Sometimes I cry, as I did when I was a kid. Only nowadays I contain the tears to the good stuff: Movies with happy endings. Kids alone on a stage, hitting every note of a song. Graduations, weddings, that kind of thing.
While listening to Hall of Fame acceptance speeches, my throat usually knots somewhere between “thank” and “you.”
And then there’s the Olympic Games. No matter how little I know about the event – fencing, for instance – if a U.S. athlete is atop the medal podium, and the American flag is raised to the tune of the Star-Spangled Banner, I’m usually in pieces.
But I never was in pieces during the London Games that concluded Sunday. The U.S. did well in general, and specifically flourished in women’s team sports If the Americans didn’t own the podium, they were on good terms with the landlords.
My eyes saw Old Glory raised dozens of times, and yet they stayed dry.
What gives? Have I lost the pride I’ve always felt as an American?
I think I miss those days when the U.S. was seen as underdogs to the Eastern European sports machines that identified potential gold-medal winners before their seventh birthday. I miss American athletes bursting from obscurity.
I miss those Olympics when the world didn’t look at the U.S. as the New York Yankees, who are supposed to win, expected to win, and better win, or else heads will roll.
I’m all for the pursuit of perfectionism, but when a teenager can’t muster the enthusiasm to smile after receiving a silver medal, something is wrong.
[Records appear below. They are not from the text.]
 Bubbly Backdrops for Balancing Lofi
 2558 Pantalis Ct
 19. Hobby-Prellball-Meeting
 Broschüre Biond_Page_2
Gymnast McKayla Maroney, 16, was favored to win the women’s vault competition last week.
But she didn’t land on her feet, and finished second to the Romanian who did. Maroney’s indifferent expression with her fellow medalists was awkward – they were thrilled, she was peeved – and the eerie scowl she brought to the awards podium was difficult to watch.
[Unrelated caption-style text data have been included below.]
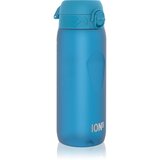 Ion8 Leak Proof posoda za vodo velik Blue 750 ml Cene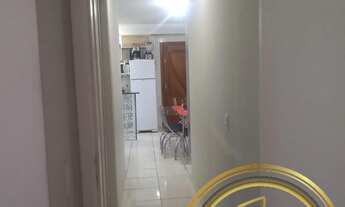 Imagem 4: Apartamento a venda na Vila Ema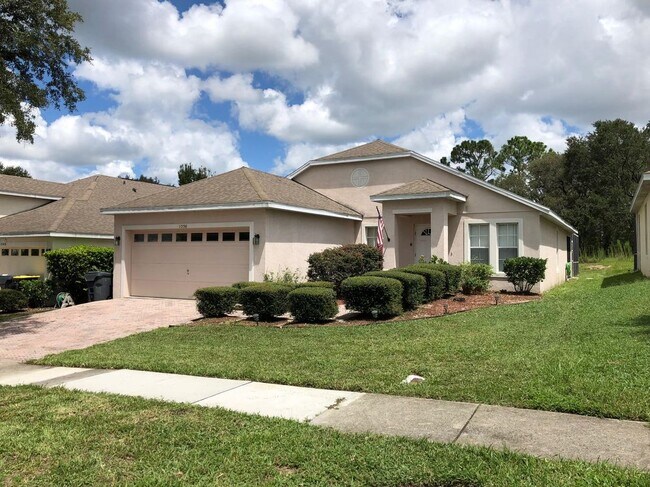 Foto del edificio - 1536 N Hampton Dr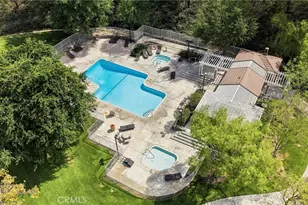 27388 Brighton, Valencia, CA 91354 - Photo 43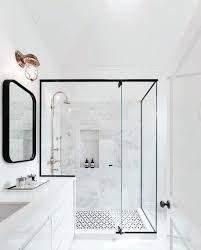 See more ideas about bathroom makeover, bathroom decor, diy bathroom. White Bathroom Ideas Persiancamp Info Pinterest Bathrooms Dalaimama Co 25 Beautiful Small Bat Classic Bathroom White Bathroom Designs Classic Bathroom Design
She’s only a teenager, attempting to cope with the disappointment of her life: finishing second in the world. Maroney’s comportment on the Olympic platform needs work, but I don’t mean to make her a pariah.
Still, the snapshot lingers: A sullen U.S. athlete is forced to settle for a silver medal, while the Eastern European athlete, out of nowhere, celebrates the joyousness of the competition.
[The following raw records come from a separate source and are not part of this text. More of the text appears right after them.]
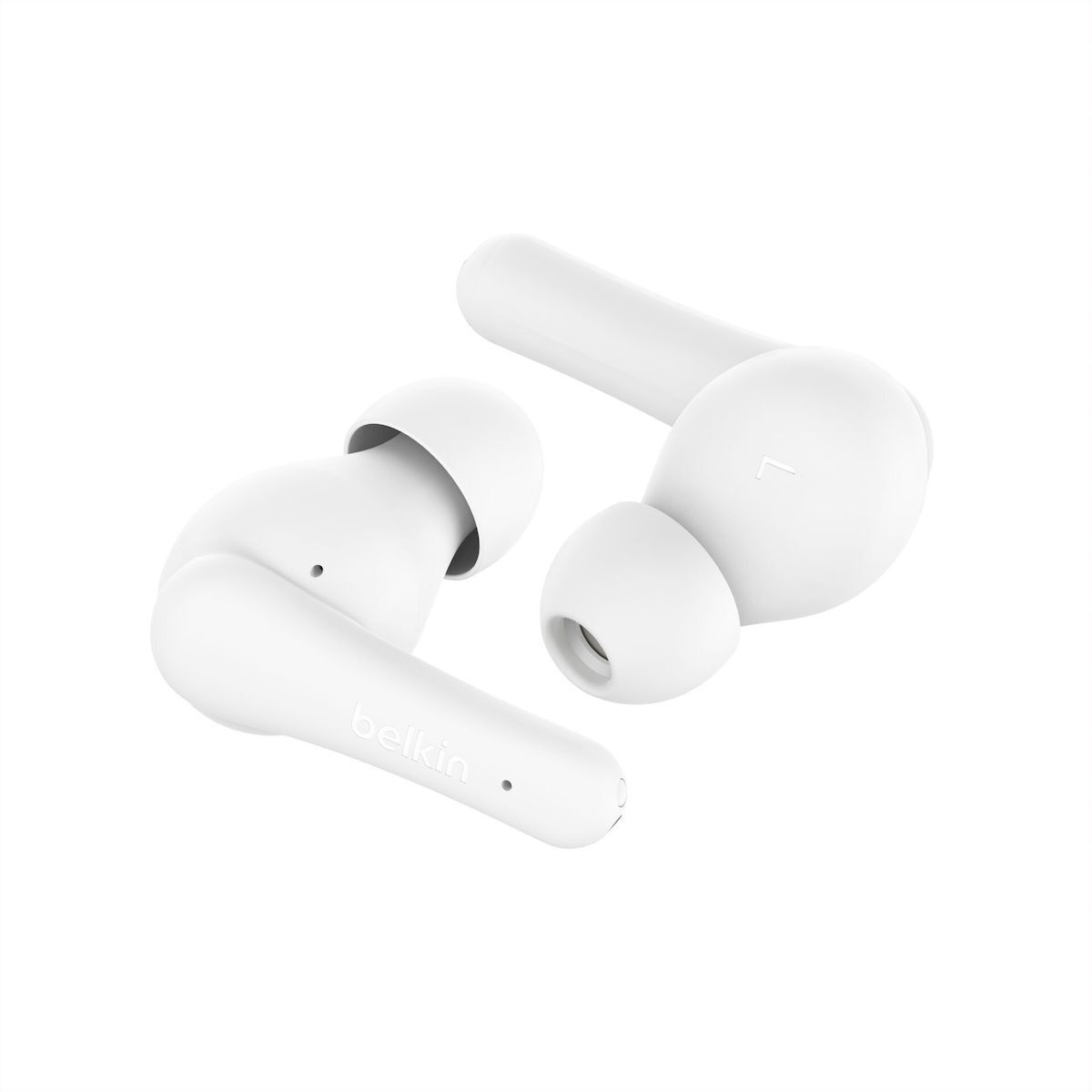Belkin SoundForm Rhythm In-ear - Image 1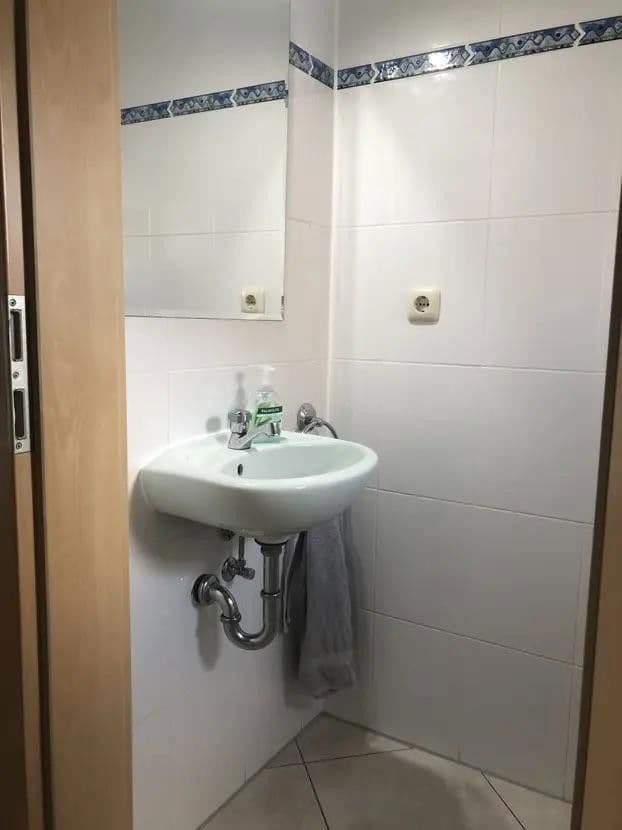 house for sale, 128 m², Kerpen, North Rhine-Westphalia house for sale, 128 m², Kerpen, North Rhine-Westphalia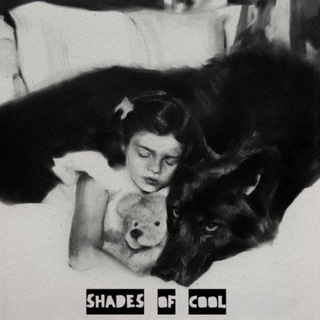 Shades Of Cool (Lana Del Rey | Лана Дель Рей)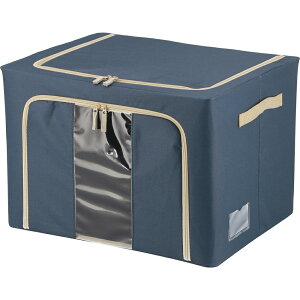 t ςݏd [{bNX 72L ߗގ[ D] t ߑP[X ܂肽ݎ ܂ݎ N[[bg[ [P[X OJ J ߑւ  m [ {bNX P[X ߑ g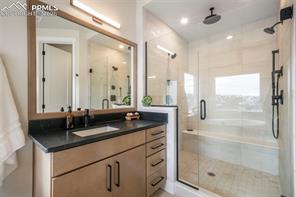 4727 Horse Trader Place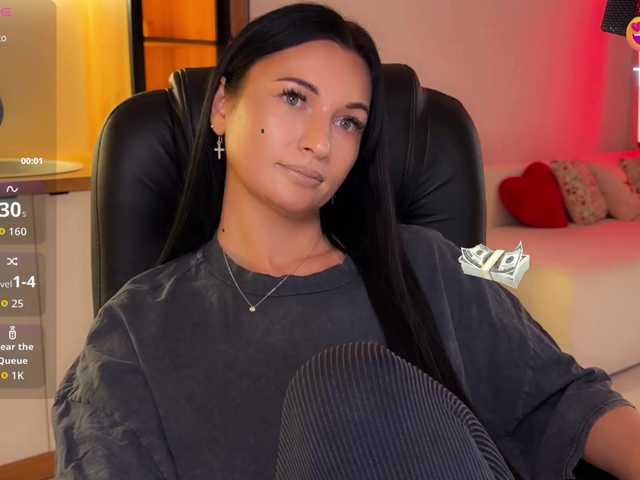 -Passionate-'s BongaCams show and profile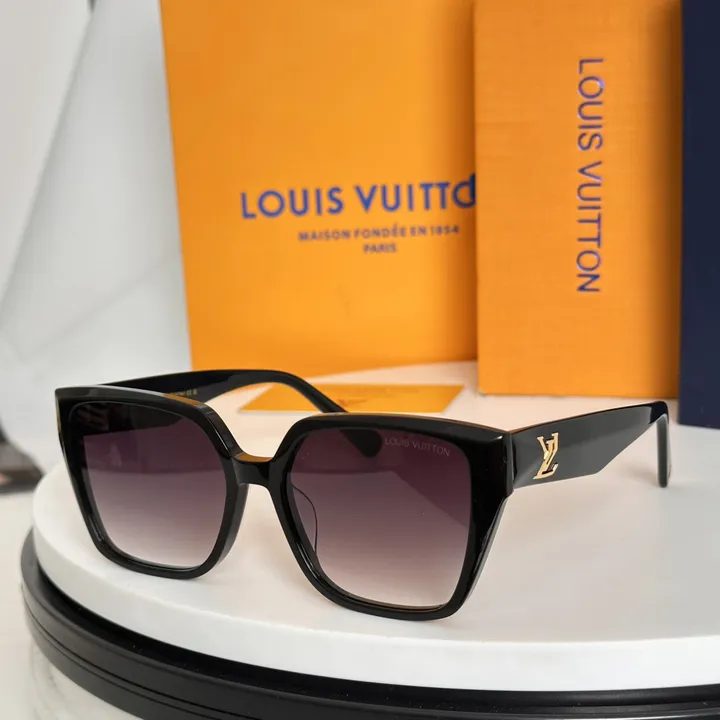 スーパーコピー エルメス サングラス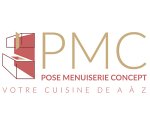 pose-menuiserie-concept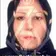 دکتر مینا رهنمای توحیدی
I’m glad about the U.S.’s world-leading medal haul, which surpassed triple figures a day before the men’s basketball team put its finishing touch on a tournament that offered no peers.
“The American public has high expectations for our Olympic teams and our Olympic athletes,” United States Olympic Committee chairman Larry Probst told reporters at a press conference Saturday. “A lot of people projected that we’d finish second and maybe even third, so we’re proud of what our team has accomplished.”
I’m proud, too, but over the past two weeks, only one achievement by the U.S. found me proud enough to cry.
It happened not in London but on the Gale Crater of Mars, where Curiosity – a robotic rover the size of a car – plunged through the planet’s atmosphere intact. After almost nine months and 350 million miles in space, Curiosity landed within a mile and a half of its target.
“An unprecedented feat of technology that will stand as a point of national pride far into the future,” president Barack Obama said of Curiosity’s successful mission. “It proves that even the longest of odds are no match for our unique blend of ingenuity and determination.”
At NASA’s Mars Space Laboratory in Los Angeles, American scientists celebrated the landing as if they were football fans cheering a winning field goal.
Only this wasn’t a field goal. This was a touchdown, and the sound of the giddy scientists who made it happen remains indelible.